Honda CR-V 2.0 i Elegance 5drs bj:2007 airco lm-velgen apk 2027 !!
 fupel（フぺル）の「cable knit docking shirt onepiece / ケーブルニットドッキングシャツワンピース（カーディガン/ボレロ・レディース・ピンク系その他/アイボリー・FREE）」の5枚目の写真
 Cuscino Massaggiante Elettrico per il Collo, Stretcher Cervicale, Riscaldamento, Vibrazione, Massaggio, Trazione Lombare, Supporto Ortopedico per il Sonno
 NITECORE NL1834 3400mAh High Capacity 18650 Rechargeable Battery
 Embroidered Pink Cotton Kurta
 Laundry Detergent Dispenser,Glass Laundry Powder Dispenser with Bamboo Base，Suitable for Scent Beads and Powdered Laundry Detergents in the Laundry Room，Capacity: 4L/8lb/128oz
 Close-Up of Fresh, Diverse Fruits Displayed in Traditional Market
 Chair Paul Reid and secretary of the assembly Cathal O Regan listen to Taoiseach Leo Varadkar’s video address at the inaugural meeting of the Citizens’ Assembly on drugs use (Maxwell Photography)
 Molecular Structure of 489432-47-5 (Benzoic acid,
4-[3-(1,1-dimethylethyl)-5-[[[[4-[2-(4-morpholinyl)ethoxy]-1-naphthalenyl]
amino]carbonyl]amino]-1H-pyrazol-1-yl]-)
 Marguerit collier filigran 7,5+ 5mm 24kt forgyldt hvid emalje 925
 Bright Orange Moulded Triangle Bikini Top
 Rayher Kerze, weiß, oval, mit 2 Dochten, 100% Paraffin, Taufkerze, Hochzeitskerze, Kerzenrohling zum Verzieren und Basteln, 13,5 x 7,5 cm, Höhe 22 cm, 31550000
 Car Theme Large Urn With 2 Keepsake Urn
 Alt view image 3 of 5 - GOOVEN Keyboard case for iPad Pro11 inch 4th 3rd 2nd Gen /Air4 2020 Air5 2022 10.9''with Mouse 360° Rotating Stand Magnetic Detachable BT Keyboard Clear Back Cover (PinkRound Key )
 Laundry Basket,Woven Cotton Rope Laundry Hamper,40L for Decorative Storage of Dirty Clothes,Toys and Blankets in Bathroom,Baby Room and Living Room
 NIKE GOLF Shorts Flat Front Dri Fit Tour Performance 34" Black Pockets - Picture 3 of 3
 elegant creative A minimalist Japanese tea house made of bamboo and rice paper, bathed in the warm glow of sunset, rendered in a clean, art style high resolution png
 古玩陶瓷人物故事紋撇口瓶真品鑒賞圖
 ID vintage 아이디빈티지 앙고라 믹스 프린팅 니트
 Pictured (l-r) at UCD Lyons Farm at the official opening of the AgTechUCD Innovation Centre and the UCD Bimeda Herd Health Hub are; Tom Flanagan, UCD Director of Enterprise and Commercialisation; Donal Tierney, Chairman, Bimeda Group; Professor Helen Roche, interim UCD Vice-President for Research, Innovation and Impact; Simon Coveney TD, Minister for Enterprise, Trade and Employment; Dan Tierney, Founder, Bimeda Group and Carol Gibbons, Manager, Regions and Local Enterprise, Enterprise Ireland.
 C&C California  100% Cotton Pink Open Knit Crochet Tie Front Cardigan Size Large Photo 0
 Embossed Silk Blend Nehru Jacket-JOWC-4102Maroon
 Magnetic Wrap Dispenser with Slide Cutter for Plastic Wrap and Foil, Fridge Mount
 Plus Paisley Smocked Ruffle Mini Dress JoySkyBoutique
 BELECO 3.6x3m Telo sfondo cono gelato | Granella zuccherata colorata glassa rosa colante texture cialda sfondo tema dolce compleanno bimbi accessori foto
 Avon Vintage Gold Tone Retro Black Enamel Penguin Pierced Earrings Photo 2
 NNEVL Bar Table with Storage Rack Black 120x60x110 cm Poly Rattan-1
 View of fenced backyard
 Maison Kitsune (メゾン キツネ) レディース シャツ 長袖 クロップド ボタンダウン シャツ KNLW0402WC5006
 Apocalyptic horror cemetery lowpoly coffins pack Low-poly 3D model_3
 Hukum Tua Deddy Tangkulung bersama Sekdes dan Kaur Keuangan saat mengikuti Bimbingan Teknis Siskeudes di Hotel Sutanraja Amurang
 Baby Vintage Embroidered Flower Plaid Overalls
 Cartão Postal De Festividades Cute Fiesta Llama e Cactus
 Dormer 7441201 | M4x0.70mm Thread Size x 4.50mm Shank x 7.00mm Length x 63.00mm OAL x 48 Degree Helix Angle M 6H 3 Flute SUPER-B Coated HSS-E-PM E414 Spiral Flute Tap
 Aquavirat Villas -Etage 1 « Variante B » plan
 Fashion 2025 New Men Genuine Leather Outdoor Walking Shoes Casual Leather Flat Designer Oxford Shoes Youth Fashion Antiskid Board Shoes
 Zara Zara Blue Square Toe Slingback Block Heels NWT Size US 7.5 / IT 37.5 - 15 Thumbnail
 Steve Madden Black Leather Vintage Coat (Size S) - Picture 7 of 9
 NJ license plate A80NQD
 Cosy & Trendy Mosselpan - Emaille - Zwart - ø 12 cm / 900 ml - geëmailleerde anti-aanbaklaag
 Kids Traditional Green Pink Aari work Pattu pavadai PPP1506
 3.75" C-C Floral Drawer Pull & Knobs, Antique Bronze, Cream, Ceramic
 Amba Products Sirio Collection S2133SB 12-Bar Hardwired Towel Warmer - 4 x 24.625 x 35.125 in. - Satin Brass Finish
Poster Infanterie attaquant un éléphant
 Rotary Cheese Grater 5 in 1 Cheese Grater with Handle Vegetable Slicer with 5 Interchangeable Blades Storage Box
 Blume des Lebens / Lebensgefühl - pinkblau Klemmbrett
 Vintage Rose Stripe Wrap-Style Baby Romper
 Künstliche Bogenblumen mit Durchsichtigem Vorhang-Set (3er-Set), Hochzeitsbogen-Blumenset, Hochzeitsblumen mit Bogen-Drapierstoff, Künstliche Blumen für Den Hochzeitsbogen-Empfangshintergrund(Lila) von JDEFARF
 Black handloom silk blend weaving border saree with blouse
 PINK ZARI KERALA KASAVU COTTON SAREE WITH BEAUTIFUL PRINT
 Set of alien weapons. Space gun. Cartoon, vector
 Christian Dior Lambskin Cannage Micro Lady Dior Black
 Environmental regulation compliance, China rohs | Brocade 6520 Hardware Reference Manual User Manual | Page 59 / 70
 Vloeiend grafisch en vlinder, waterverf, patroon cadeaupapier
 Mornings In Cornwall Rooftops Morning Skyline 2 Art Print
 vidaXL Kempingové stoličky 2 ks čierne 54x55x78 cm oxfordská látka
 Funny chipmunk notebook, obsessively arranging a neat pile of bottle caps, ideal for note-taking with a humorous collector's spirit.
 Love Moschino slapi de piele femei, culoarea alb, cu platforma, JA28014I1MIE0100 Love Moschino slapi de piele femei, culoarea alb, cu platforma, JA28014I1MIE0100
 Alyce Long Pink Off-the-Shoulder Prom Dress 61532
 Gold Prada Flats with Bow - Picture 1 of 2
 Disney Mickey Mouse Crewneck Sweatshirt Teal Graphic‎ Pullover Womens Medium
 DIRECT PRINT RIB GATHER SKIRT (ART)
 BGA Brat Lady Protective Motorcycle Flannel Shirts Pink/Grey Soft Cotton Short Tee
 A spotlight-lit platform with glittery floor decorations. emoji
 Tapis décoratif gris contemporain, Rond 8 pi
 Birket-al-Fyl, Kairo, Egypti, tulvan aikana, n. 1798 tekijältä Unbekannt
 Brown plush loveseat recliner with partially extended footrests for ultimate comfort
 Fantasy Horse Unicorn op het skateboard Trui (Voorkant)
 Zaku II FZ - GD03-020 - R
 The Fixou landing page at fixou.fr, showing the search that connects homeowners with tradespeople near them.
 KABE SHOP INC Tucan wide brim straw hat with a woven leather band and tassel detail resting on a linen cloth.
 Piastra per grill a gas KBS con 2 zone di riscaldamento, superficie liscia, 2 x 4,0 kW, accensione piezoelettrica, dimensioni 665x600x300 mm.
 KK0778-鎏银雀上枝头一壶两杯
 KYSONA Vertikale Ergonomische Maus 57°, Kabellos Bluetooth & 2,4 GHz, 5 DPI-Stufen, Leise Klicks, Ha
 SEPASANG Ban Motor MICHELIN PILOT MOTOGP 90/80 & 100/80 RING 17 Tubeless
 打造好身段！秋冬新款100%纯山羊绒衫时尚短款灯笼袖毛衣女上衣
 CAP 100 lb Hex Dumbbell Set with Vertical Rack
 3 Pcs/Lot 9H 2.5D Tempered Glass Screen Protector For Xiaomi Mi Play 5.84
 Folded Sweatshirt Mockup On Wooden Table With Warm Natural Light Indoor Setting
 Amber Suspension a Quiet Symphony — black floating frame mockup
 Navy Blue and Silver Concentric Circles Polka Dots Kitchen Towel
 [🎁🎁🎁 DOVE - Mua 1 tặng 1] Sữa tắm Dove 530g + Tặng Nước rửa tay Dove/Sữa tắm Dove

※ ※ ※

▶ _Problem details_: Look back at the entries above. Retype the line with "Fashion 2025 New", the line with "Set of alien", and all lines in between.

▶ _Solution for this problem_:
 Fashion 2025 New Men Genuine Leather Outdoor Walking Shoes Casual Leather Flat Designer Oxford Shoes Youth Fashion Antiskid Board Shoes
 Zara Zara Blue Square Toe Slingback Block Heels NWT Size US 7.5 / IT 37.5 - 15 Thumbnail
 Steve Madden Black Leather Vintage Coat (Size S) - Picture 7 of 9
 NJ license plate A80NQD
 Cosy & Trendy Mosselpan - Emaille - Zwart - ø 12 cm / 900 ml - geëmailleerde anti-aanbaklaag
 Kids Traditional Green Pink Aari work Pattu pavadai PPP1506
 3.75" C-C Floral Drawer Pull & Knobs, Antique Bronze, Cream, Ceramic
 Amba Products Sirio Collection S2133SB 12-Bar Hardwired Towel Warmer - 4 x 24.625 x 35.125 in. - Satin Brass Finish
Poster Infanterie attaquant un éléphant
 Rotary Cheese Grater 5 in 1 Cheese Grater with Handle Vegetable Slicer with 5 Interchangeable Blades Storage Box
 Blume des Lebens / Lebensgefühl - pinkblau Klemmbrett
 Vintage Rose Stripe Wrap-Style Baby Romper
 Künstliche Bogenblumen mit Durchsichtigem Vorhang-Set (3er-Set), Hochzeitsbogen-Blumenset, Hochzeitsblumen mit Bogen-Drapierstoff, Künstliche Blumen für Den Hochzeitsbogen-Empfangshintergrund(Lila) von JDEFARF
 Black handloom silk blend weaving border saree with blouse
 PINK ZARI KERALA KASAVU COTTON SAREE WITH BEAUTIFUL PRINT
 Set of alien weapons. Space gun. Cartoon, vector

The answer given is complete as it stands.